I’ve Started Seeing Rejection Differently

Rejection is something I experience regularly — in my work, in opportunities, and in the moments where I’ve put myself out there and hoped for a certain outcome.

For a long time, I thought the goal was to avoid rejection, or at the very least, minimize how often I felt it. I thought that if I could just get better, more prepared, more aligned, then maybe I wouldn’t have to experience it as much.

But what I’ve come to realize is this: rejection itself isn’t actually the hardest part — it’s the emotions that come with it.

It’s the self-doubt that creeps in afterward. The quiet questioning. The subtle shift into wondering if you’re enough, or if you somehow missed something. That’s the part that lingers. 
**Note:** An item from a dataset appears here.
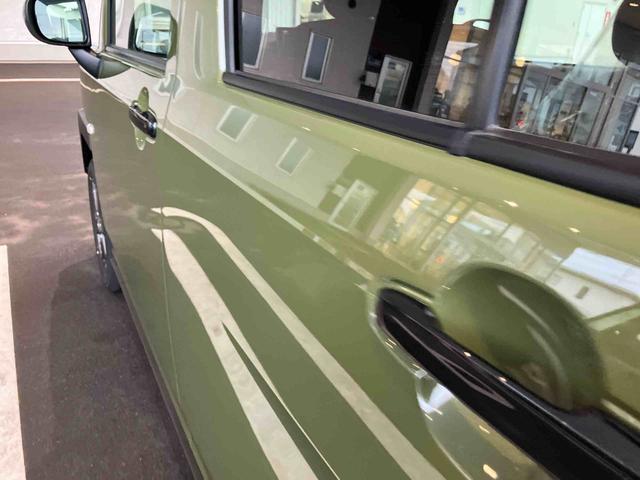 タフトＧターボ　ダーククロムベンチャー　クルーズコントロール付車２ＷＤ　ＣＶＴ　６６０ｃｃ　スカイフィールトップ　衝突被害軽減ブレーキ　横滑り防止装置　ＡＢＳ　アイドリングストップ　プッシュボタンスタート　ディスプレイオーディオ　シートヒーター　届出済未使用車（福島県）の中古車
And over time, I’ve started to see that those emotions — not the rejection — are what shape our entire relationship to it.
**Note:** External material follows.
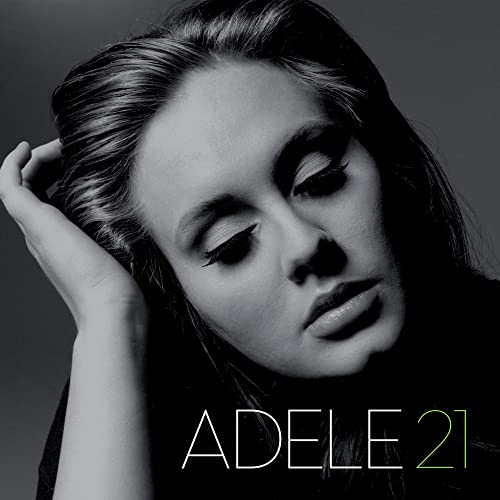 Adele - 21 [Vinyl LP]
Rejection Is an Emotional Experience, Not Just an Event

We tend to think of rejection as something external. Someone says no. An opportunity doesn’t work out. We don’t get chosen. But internally, something much deeper happens.

Rejection activates emotional patterns that are already wired within us — self-doubt, comparison, unworthiness, and fear of future rejection. And those emotions can feel far more intense than the moment itself.
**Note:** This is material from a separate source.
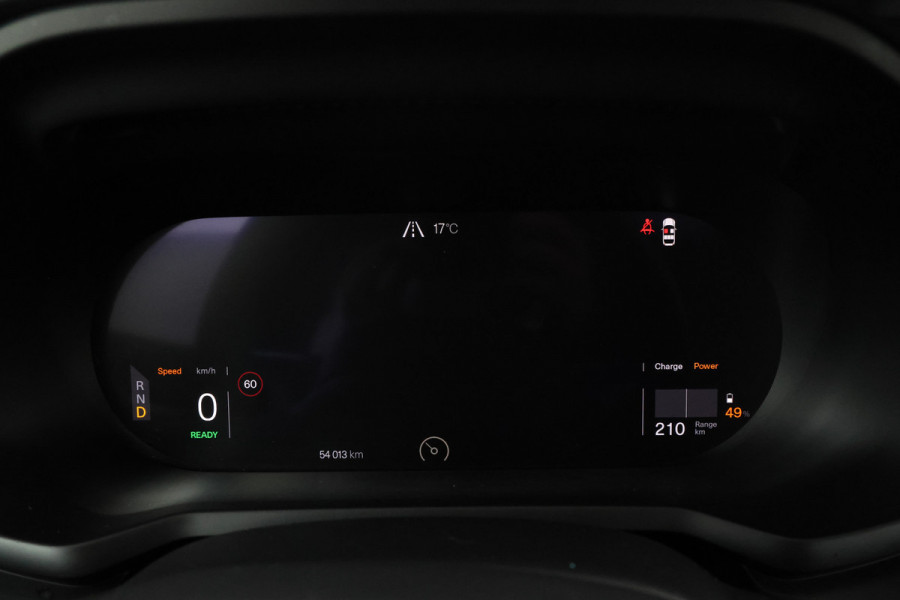 Polestar 2 Long Range Single Motor 78 kWh SOH 94%  Panorama Thundergrey!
Because the mind doesn’t just register what happened. It tries to explain what it means.
And often, it makes it personal.

The Brain Is Trying to Protect You — Not Empower You

From a neuroscience perspective, this response makes sense. Humans are wired for belonging. Historically, rejection from the group meant risk — and the brain still carries that imprint. So when we experience rejection, the nervous system can interpret it as a form of threat.

The body shifts into activation. The mind begins scanning.

It looks for answers. It replays what happened. It tries to solve for how to avoid that feeling again.

What did I do wrong?
What does this say about me?
How do I make sure this doesn’t happen again?

And without realizing it, we don’t just experience rejection once — we relive it, analyze it, and reinforce it.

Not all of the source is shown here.